Machine learning of discrete field theories with guaranteed convergence and uncertainty quantification
Christian Offen
TL;DR
We address learning discrete variational structures for field theories from data by embedding them in a Gaussian process regression framework that learns a discrete Lagrangian density $L_d$ from stencil observations. The method enforces the discrete Euler–Lagrange equations $DEL(L_d)(\mathfrak{u})=0$ on training data and uses normalization to resolve gauge ambiguity, yielding a posterior mean $L_d^M$ with associated uncertainty $\mathcal{K}_{\Phi_b^M}$. A convergence theorem shows that as data become dense, the posterior mean converges to a true Lagrangian density $L_{d,(\infty)}$ consistent with the dynamics, and uncertainty quantification extends to any linear observable.
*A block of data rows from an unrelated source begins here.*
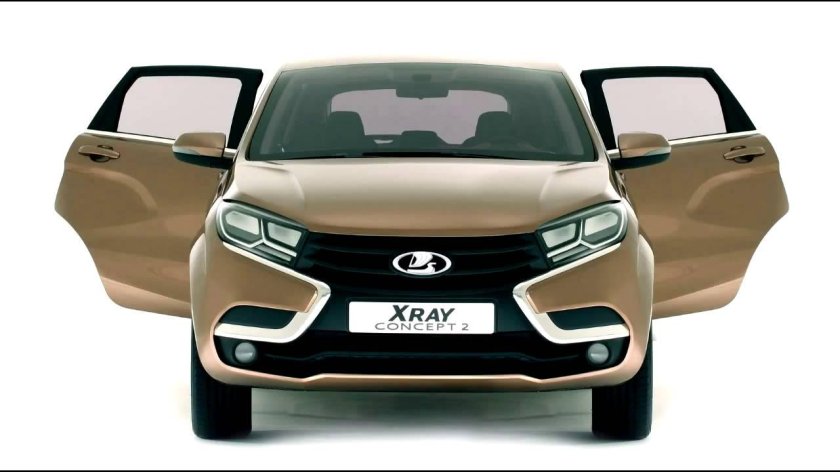 Lada XRAY 2
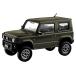  синий остров культура обучающий материал фирма AOSHIMA 1/32 The * зажим комплект серии Suzuki Jimny custom колесо Jean gru зеленый цвет разделение завершено пластиковая модель 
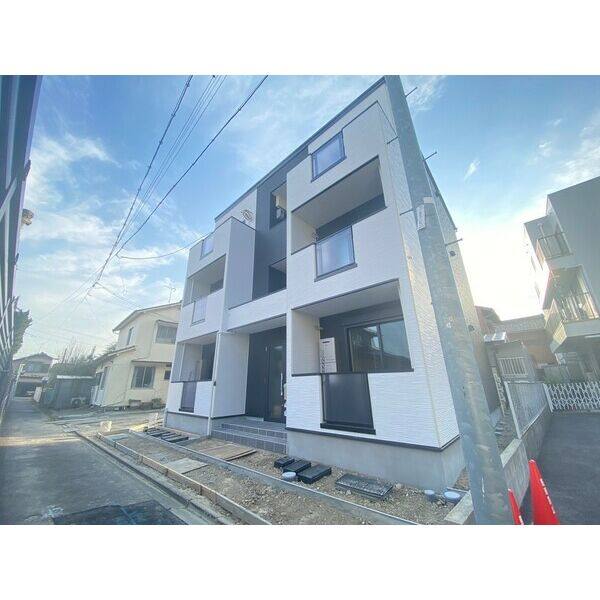 LECOCON熱田 建物画像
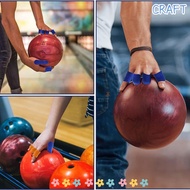 CRAFTML Bowling Thumb Tape, Universal Workout Bowling Finger Tape, Elastic Durable bowling equipment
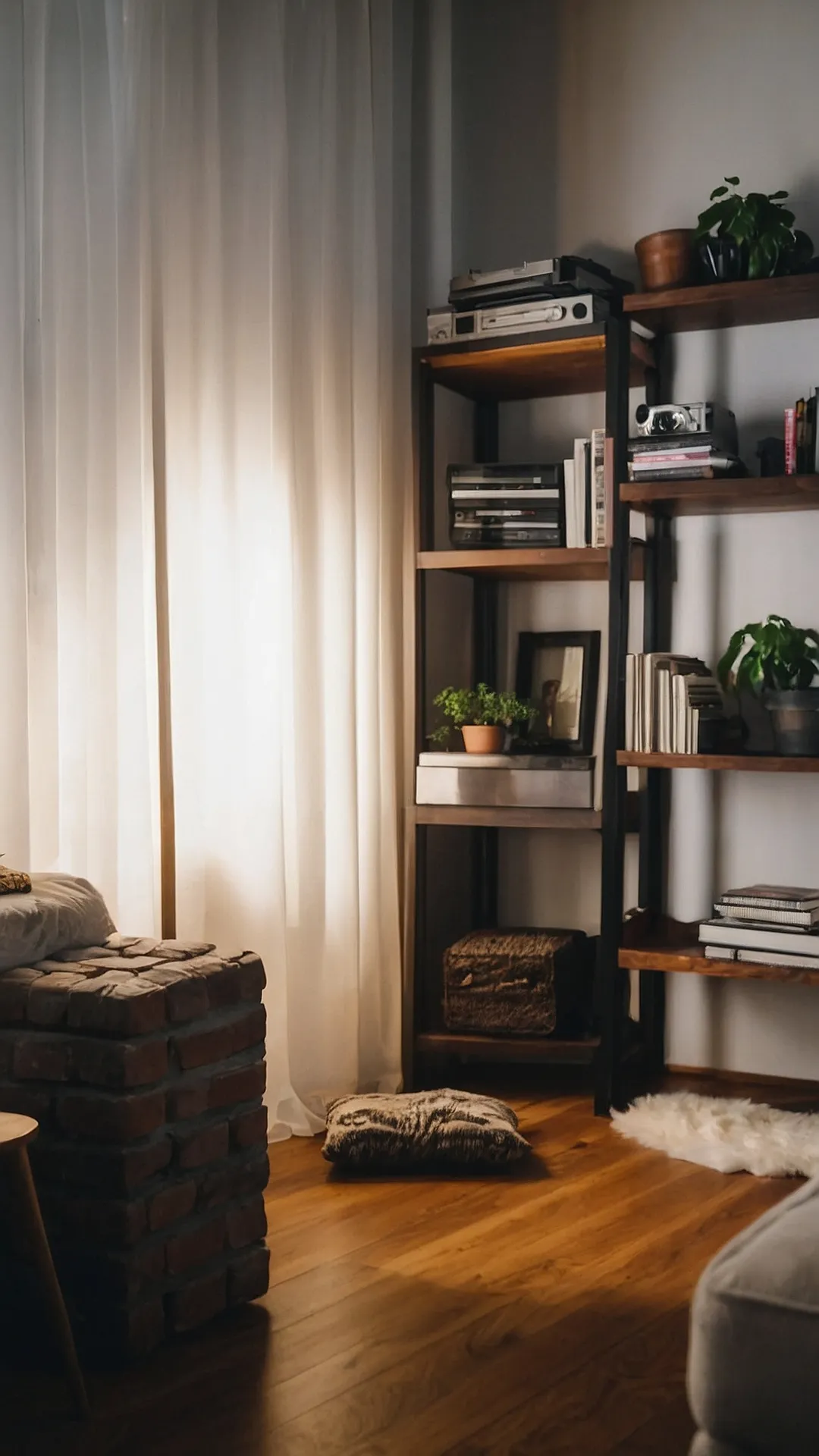 View of 20 Minimalist Decor Ideas On A Budget That Spark Joy - Hunker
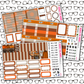 Pumpkin Patch Monthly, Weekly and or Journaling Sticker Kit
Numerical experiments on the discrete wave equation and discrete Schrödinger equation demonstrate accurate extrapolation to unseen data and transparent model uncertainty, highlighting the approach's structure-preserving, meshless character and potential for discovering variational laws in PDEs.
Abstract
We introduce a method based on Gaussian process regression to identify discrete variational principles from observed solutions of a field theory. The method is based on the data-based identification of a discrete Lagrangian density. It is a geometric machine learning technique in the sense that the variational structure of the true field theory is reflected in the data-driven model by design. We provide a rigorous convergence statement of the method. The proof circumvents challenges posed by the ambiguity of discrete Lagrangian densities in the inverse problem of variational calculus. Moreover, our method can be used to quantify model uncertainty in the equations of motions and any linear observable of the discrete field theory. This is illustrated on the example of the discrete wave equation and Schrödinger equation. The article constitutes an extension of our previous article arXiv:2404.19626 for the data-driven identification of (discrete) Lagrangians for variational dynamics from an ode setting to the setting of discrete pdes.